Edward Tautz opened his first store in 1867 at 485 Oxford St, between Duke St and Park St and this was our home until the 1950’s. There is something quite poignant for us about re-opening on Duke St just a few yards from the original shop. North Mayfair has become the first choice for London’s emerging luxury design houses. My friends Christopher Kane, Roksanda Ilincic and Nicholas Kirkwood have all chosen it as the home for their first stores. And above all else it’s a beautiful street and a beautiful building.
What’s the most exciting thing about opening the brand’s first store?
It will allow us to build direct and personal relationships with our customers, to build a community, to offer a great experience and to create the same sort of engagement that our bespoke customers enjoy at Norton & Sons. We care deeply about how the products are design and made, and we want to offer the same level of quality in the way we sell them.
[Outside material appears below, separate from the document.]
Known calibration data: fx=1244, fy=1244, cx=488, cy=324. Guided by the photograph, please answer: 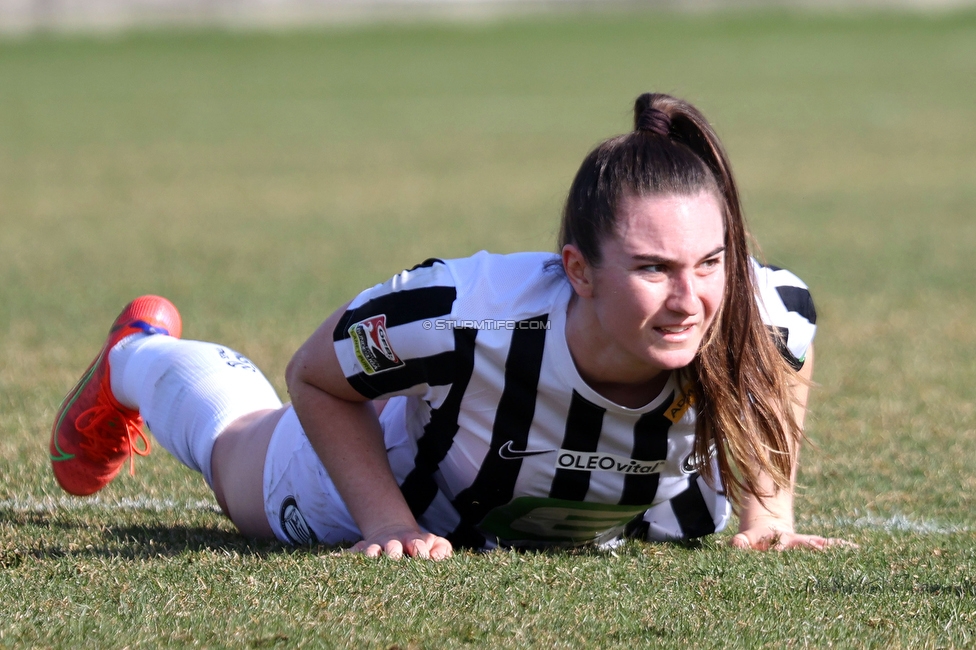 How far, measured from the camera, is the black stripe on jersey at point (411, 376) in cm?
306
Can you tell us about the concept behind the store design?
The store takes its designs cues from some of the great interiors of the fifties and sixties, in buildings like Mies van der Rohe and Philip Johnson’s Seagram in New York, and Van der Rohe’s Farnsworth House. Concrete and whitewash hint at Le Corbusier and offset the richness of the inlaid timbered sections. Central wooden furniture pieces are are a nod to Donal Judd, free standing rails have been bespoke made in square section brass marry with wood inlays. Our architects Sanderson Studios have taken these references and created an elegant functional and flexible space that allows us to offer both ready to wear and made to measure. We wanted the interior to reflect the clothing it will house; beautifully hand-crafted in luxurious materials, it has a warmth and personality, but it retains a simplicity and lack of fussiness.
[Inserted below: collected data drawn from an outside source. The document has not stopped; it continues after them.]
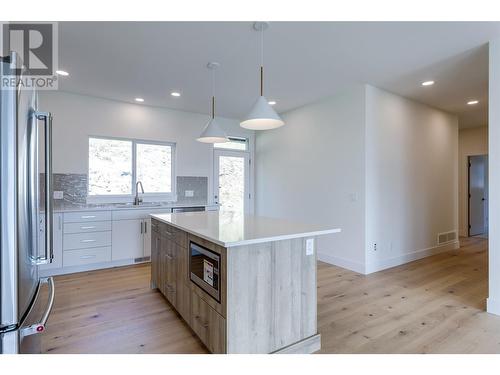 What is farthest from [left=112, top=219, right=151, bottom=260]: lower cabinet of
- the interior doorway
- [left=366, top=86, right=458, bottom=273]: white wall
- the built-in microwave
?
the interior doorway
The brand ethos speaks of the importance of building a wardrobe carefully over time. Does any element of the shopping experience reflect this ultra-considered curation?
Most importantly every garment is engineered not only to fit well and look good but they are made to last. You cant build a wardrobe if the pieces you buy fall apart. I believe clothes should get better with age so we make them from the best materials and sew them in the best possible way. We try to make clothes of enduring value.
Do you have any favorite pieces from the AW14 collection?
I think my favorite piece is also one of the simplest. The black doeskin quilted parka from look 25. Is an exceptionally engineered piece of winter clothing.
E.Tautz is due to open on 71 Duke Street in October.